#### [Work request]
Among the records below, find the line with "毛诗品物图考（三）册-匪兕匪虎有猫有虎献其貔皮赤豹黄罴-()" and the line with "map of restaurants, bars, coffee". Set down both and every line between, exactly and with no pictures, but nothing else.

#### [Source information]
------------------------
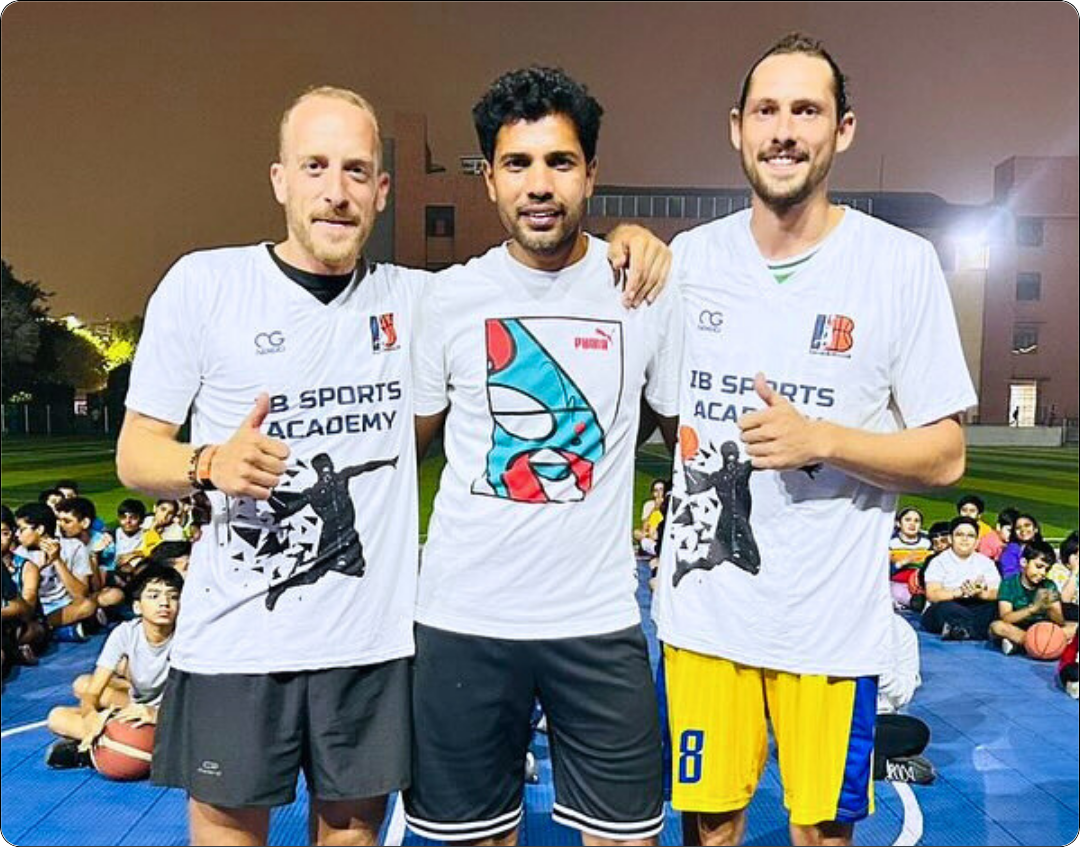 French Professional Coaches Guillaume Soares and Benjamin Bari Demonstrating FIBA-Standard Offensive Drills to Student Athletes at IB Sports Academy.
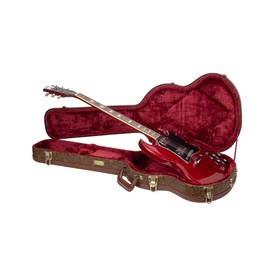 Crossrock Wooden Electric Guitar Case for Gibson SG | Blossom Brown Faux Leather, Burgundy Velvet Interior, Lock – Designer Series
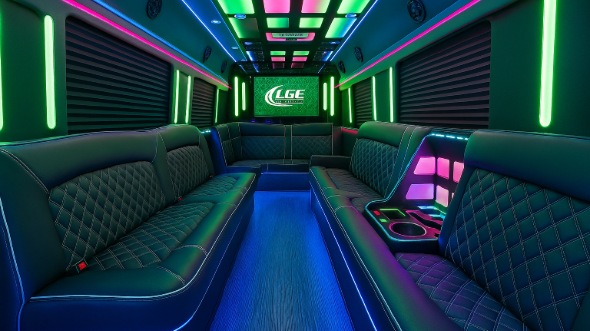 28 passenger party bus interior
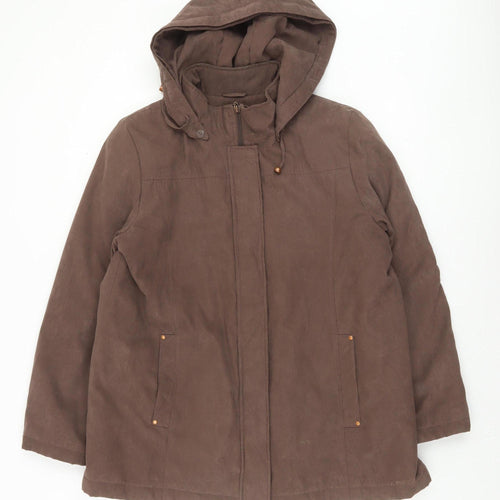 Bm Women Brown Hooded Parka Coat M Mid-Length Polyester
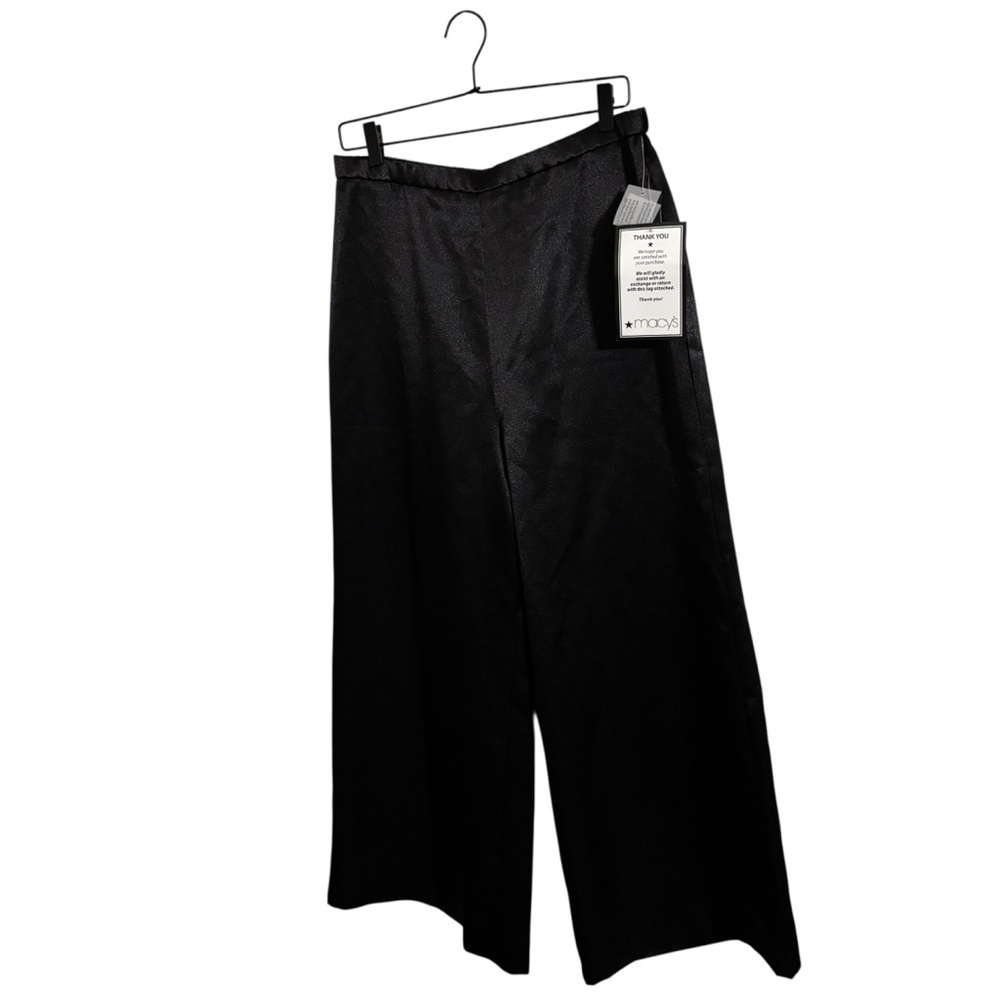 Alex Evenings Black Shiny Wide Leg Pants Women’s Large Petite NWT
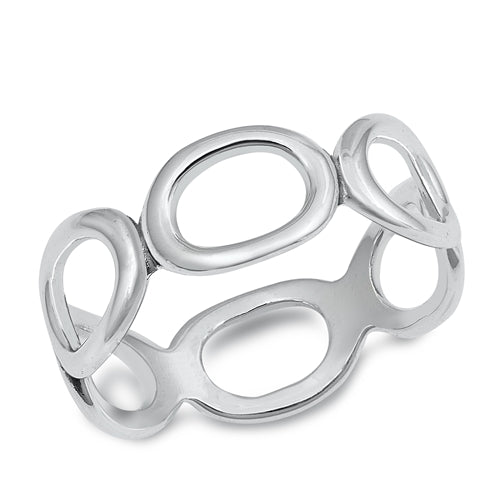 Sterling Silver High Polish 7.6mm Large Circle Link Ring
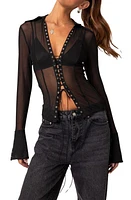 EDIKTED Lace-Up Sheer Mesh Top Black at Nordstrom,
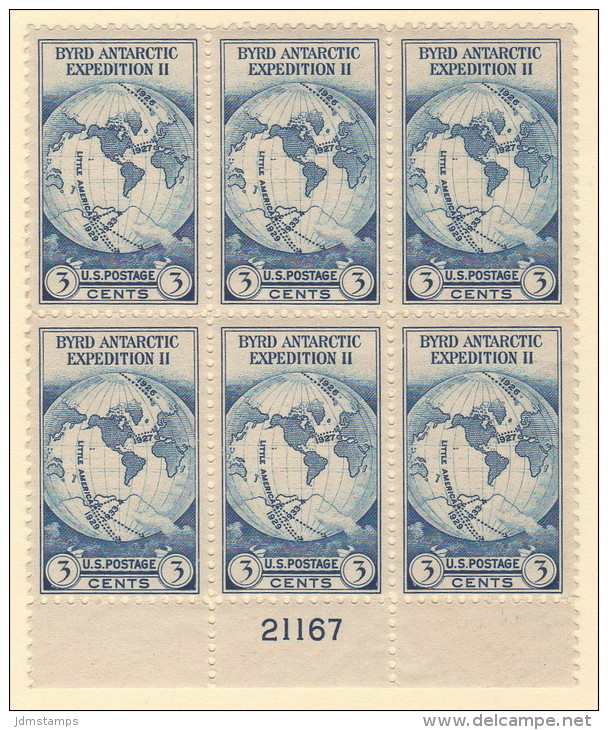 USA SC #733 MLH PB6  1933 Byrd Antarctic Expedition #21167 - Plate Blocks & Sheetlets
------------------------
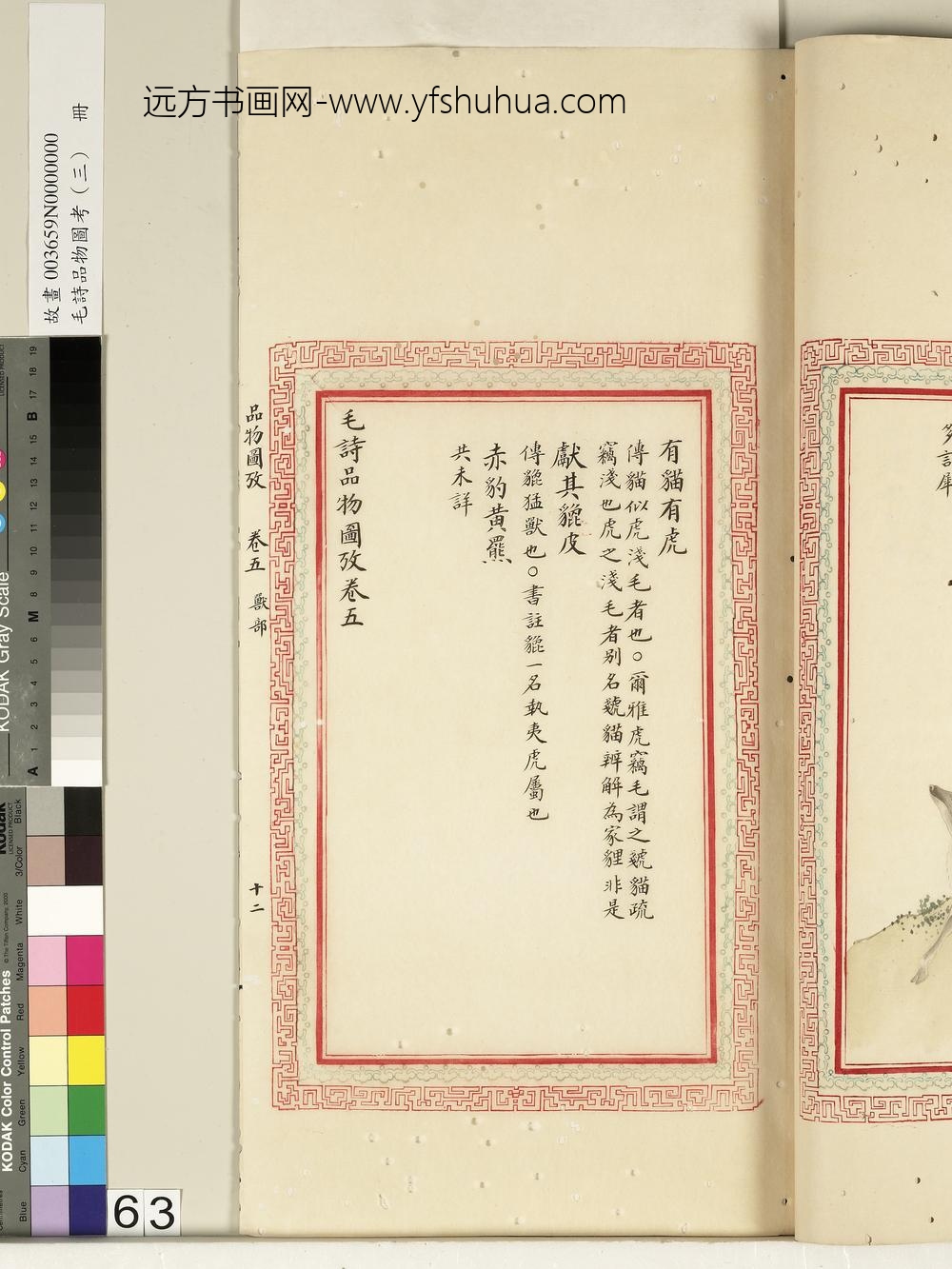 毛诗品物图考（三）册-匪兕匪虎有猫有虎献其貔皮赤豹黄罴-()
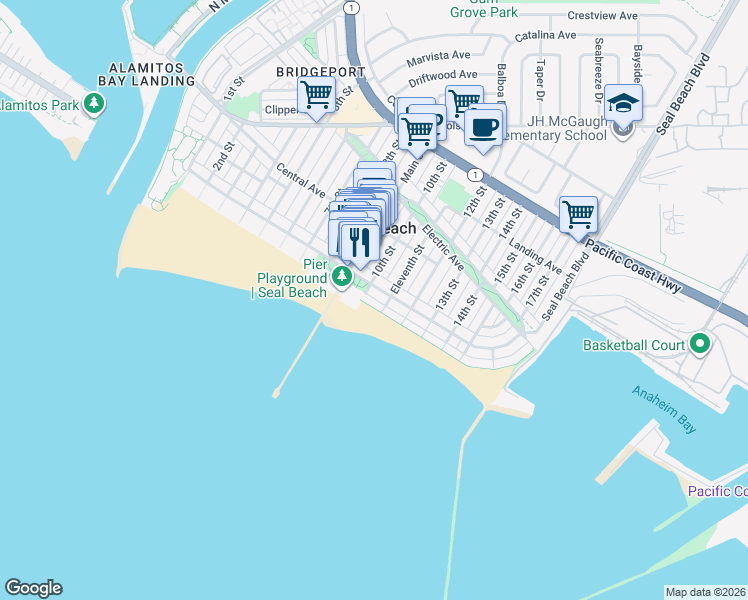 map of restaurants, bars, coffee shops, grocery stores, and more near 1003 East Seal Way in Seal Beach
------------------------
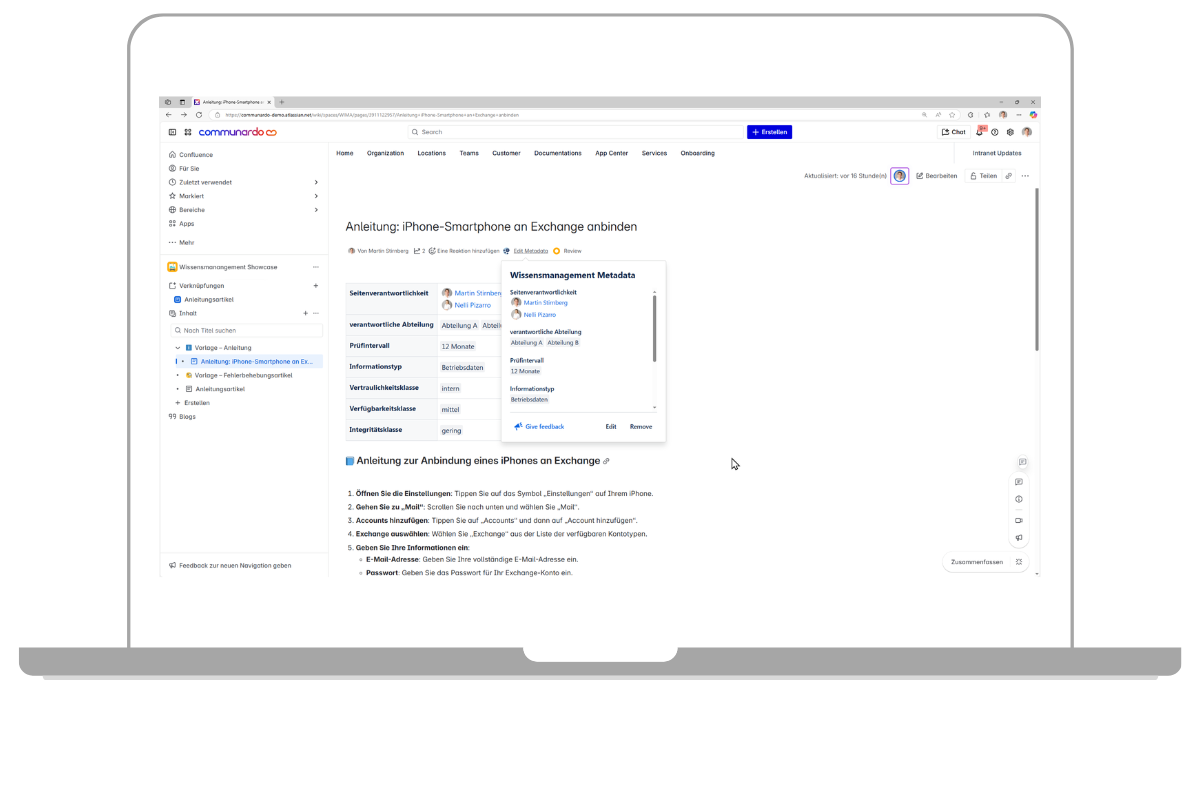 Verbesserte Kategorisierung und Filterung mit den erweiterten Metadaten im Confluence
------------------------
#### [Exercise answer]
 毛诗品物图考（三）册-匪兕匪虎有猫有虎献其貔皮赤豹黄罴-()
 map of restaurants, bars, coffee shops, grocery stores, and more near 1003 East Seal Way in Seal Beach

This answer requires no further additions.